Breaking News

JA Soebagiyo : DEMOKRASI Bukan Alasan Mengabaikan Aturan, DISKRESI Pejabat Publik Bukan Kekuasaan Tanpa Batas

SUKABUMIVIRAL.COM /Jumat 18 September 2026- Demokrasi dan diskresi merupakan dua instrumen penting dalam penyelenggaraan pemerintahan. Demokrasi menempatkan rakyat sebagai pemegang kedaulatan, sementara diskresi memberikan ruang kepada pejabat pemerintahan untuk mengambil keputusan ketika menghadapi persoalan konkret yang tidak dapat diselesaikan secara kaku hanya dengan membaca norma peraturan.

Namun, ada satu prinsip yang tidak boleh dilupakan: diskresi bukanlah cek kosong bagi pejabat untuk bertindak sesuka hati.

Indonesia secara tegas merupakan negara hukum. Pasal 1 ayat (2) UUD 1945 menyatakan bahwa kedaulatan berada di tangan rakyat dan dilaksanakan menurut Undang-Undang Dasar, sedangkan Pasal 1 ayat (3) menegaskan Indonesia sebagai negara hukum.

Artinya, pejabat pemerintahan memang memiliki kewenangan untuk mengambil keputusan demi kepentingan masyarakat, tetapi kewenangan tersebut tetap harus bergerak di dalam koridor hukum, kewenangan, prosedur, dan asas pemerintahan yang baik.

DISKRESI ADA ATURANNYA

Ketentuan mengenai diskresi diatur secara khusus dalam UU Nomor 30 Tahun 2014 tentang Administrasi Pemerintahan, yang saat ini berstatus berlaku dan telah mengalami perubahan, antara lain melalui UU Nomor 6 Tahun 2023.

Pasal 22 UU Administrasi Pemerintahan pada pokoknya memberikan ruang diskresi kepada pejabat pemerintahan untuk melancarkan penyelenggaraan pemerintahan, mengisi kekosongan hukum, memberikan kepastian hukum, serta mengatasi stagnasi pemerintahan dalam keadaan tertentu demi kemanfaatan dan kepentingan umum.

Sementara Pasal 23 menjelaskan ruang lingkup diskresi, antara lain ketika peraturan memberikan pilihan, tidak mengatur, tidak lengkap atau tidak jelas, maupun ketika terjadi stagnasi pemerintahan untuk kepentingan yang lebih luas.

Tetapi di sinilah batas tegasnya.
Diskresi hanya dapat dilakukan oleh pejabat pemerintahan yang berwenang.
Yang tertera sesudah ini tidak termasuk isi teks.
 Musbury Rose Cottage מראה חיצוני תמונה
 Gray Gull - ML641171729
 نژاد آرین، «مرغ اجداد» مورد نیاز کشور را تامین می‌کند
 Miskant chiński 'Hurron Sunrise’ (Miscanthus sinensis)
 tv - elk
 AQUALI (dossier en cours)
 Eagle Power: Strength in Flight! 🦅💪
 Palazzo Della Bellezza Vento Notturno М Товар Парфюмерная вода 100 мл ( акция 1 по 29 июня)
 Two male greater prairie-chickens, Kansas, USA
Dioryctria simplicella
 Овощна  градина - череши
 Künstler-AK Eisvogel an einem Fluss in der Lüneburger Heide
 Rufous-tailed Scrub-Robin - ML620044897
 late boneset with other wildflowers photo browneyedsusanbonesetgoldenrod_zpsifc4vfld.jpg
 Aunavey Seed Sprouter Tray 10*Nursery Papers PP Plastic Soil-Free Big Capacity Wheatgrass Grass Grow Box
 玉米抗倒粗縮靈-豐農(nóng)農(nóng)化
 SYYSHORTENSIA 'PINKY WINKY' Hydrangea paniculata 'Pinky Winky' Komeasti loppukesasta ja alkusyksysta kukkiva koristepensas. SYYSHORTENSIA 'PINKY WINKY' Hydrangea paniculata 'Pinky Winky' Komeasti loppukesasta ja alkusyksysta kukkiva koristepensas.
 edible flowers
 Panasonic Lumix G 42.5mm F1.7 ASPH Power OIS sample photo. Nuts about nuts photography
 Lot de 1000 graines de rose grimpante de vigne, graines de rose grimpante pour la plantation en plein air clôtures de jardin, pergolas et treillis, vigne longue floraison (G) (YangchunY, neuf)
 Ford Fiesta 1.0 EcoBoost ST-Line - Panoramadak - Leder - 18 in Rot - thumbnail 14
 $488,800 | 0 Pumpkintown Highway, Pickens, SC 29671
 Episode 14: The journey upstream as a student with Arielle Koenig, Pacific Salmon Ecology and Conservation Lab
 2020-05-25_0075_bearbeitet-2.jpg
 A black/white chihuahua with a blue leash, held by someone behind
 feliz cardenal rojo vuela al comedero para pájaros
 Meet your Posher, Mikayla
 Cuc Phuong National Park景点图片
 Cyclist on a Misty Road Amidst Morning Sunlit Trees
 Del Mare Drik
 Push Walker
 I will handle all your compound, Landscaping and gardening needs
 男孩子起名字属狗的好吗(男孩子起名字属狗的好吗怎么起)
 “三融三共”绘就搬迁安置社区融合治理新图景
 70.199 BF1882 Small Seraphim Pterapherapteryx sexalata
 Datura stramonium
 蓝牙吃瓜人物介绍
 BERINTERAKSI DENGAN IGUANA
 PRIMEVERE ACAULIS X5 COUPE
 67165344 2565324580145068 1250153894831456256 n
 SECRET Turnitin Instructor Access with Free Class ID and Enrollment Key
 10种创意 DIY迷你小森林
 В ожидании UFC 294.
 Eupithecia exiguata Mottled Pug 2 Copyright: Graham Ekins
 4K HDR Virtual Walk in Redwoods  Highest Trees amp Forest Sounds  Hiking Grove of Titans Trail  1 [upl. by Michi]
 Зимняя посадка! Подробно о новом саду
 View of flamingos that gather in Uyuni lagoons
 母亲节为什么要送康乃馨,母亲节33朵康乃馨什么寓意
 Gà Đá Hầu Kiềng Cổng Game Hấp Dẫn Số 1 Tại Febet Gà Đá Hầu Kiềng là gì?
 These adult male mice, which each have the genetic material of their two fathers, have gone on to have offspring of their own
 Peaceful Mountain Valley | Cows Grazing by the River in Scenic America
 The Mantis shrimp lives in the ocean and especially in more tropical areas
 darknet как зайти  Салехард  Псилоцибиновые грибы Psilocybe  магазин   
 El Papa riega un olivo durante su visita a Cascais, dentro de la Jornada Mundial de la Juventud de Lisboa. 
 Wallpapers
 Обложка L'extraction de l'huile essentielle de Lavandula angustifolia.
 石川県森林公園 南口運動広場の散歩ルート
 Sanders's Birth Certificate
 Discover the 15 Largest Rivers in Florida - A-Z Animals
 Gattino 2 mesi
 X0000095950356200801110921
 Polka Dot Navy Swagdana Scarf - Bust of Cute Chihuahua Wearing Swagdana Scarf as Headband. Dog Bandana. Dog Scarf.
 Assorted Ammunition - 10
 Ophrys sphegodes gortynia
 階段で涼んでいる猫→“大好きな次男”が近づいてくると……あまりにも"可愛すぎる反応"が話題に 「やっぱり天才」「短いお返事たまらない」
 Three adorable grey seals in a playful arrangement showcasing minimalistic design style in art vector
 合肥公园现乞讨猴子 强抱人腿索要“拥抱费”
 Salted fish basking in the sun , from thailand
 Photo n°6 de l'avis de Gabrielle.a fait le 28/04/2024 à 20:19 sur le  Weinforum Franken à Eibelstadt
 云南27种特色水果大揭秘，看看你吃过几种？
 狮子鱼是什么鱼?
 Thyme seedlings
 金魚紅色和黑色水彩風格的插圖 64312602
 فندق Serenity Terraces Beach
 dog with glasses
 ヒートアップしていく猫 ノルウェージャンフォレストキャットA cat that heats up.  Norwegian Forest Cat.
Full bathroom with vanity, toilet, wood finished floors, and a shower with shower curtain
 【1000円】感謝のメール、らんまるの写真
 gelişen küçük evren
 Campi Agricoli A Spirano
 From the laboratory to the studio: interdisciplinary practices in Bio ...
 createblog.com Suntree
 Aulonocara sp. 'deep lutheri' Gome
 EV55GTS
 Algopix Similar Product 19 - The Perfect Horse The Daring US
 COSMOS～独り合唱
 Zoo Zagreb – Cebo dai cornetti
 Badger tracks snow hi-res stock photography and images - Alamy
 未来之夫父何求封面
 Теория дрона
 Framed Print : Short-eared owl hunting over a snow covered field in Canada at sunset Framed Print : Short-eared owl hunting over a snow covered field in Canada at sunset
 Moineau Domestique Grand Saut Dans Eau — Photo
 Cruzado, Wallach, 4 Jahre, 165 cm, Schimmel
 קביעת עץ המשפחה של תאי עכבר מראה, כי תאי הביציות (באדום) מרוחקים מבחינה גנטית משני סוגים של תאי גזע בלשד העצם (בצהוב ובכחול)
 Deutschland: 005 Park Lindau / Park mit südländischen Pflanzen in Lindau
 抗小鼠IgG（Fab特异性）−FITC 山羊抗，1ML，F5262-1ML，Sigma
Diskresi bukan kewenangan untuk menciptakan hukum baru yang bertentangan dengan hukum yang sudah ada.

DISKRESI TIDAK BOLEH BERTABRAKAN DENGAN HUKUM

Dalam rezim UU Administrasi Pemerintahan, penggunaan diskresi memiliki persyaratan yang ketat.

Pejabat harus memastikan diskresi dilakukan untuk tujuan yang dibenarkan, sesuai AUPB, berdasarkan alasan objektif, tidak menimbulkan konflik kepentingan, serta dilakukan dengan iktikad baik.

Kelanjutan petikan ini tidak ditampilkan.